Pour mémoire , le RMLE a été créé le 11 novembre 1915, par fusion du 2ème Régiment de Marche du 1er Etranger et du 2ème Régiment de Marche du 2ème Etranger.

CHRONOLOGIE :

EXTRAITS DU JMO DU RMLE. Journée du 1er juillet 1916 .

A) Positionnement du RMLE :

  • 1 bataillon à Fontaine les Cappy. (80)
  • 1 bataillon dans le thalweg à l’est du bois du pylone.
  • 1 bataillon à la même hauteur au sud de la route de Chuigne à Fontaine les Cappy.
  • le PC du CDC aux abris ouest de Fontaine les Cappy.

Un repositionnement des unités est ordonné par le général DEMETZ commandant la Division.

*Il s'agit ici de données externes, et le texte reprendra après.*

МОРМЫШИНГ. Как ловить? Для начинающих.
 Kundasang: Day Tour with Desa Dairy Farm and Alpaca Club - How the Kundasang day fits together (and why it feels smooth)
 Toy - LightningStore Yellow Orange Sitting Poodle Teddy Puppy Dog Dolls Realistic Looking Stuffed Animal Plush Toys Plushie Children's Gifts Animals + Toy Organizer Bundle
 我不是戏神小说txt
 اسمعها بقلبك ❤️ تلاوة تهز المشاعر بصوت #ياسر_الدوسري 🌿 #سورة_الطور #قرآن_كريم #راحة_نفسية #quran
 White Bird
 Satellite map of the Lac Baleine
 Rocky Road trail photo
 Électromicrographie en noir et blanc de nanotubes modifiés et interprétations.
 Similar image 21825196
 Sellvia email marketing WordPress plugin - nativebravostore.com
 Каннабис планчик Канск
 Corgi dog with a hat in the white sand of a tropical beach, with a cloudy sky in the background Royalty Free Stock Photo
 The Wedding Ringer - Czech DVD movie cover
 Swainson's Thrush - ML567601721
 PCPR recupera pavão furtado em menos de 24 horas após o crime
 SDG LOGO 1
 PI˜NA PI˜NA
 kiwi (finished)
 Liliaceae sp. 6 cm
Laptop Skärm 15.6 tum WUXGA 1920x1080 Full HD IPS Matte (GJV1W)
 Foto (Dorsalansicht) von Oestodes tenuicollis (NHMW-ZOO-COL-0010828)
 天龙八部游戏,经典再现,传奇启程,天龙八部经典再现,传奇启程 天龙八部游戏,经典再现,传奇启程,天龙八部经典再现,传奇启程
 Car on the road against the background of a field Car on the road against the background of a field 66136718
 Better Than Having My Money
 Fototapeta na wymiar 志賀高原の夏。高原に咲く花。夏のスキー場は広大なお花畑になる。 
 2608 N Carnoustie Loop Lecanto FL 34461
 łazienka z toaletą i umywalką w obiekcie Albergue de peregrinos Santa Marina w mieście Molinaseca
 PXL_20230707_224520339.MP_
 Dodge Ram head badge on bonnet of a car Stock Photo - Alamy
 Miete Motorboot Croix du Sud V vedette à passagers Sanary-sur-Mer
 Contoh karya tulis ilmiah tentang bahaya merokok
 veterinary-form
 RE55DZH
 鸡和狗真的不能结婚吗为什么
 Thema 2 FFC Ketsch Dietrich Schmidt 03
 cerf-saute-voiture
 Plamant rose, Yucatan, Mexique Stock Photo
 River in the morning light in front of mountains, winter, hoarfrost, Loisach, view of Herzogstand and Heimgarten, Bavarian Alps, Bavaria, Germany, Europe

Ordres du Lt/colonel COT, chef de corps du RMLE : Les bataillons auxquels les ordres ont été envoyés doivent faire mouvement à partir de 14 heures.
Les bataillons occuperont les positions suivantes :

  • 2ème bataillon du commandant WADDELL , à Fontaine les Cappy.
  • 3ème bataillon du commandant MOUCHET au bois du pylone.
  • 1er bataillon du commandant RUELLAND à l’ouest du bois de Berthonval.
  • le PC du L/Colonel COT à l’ouest de Chuignes(80).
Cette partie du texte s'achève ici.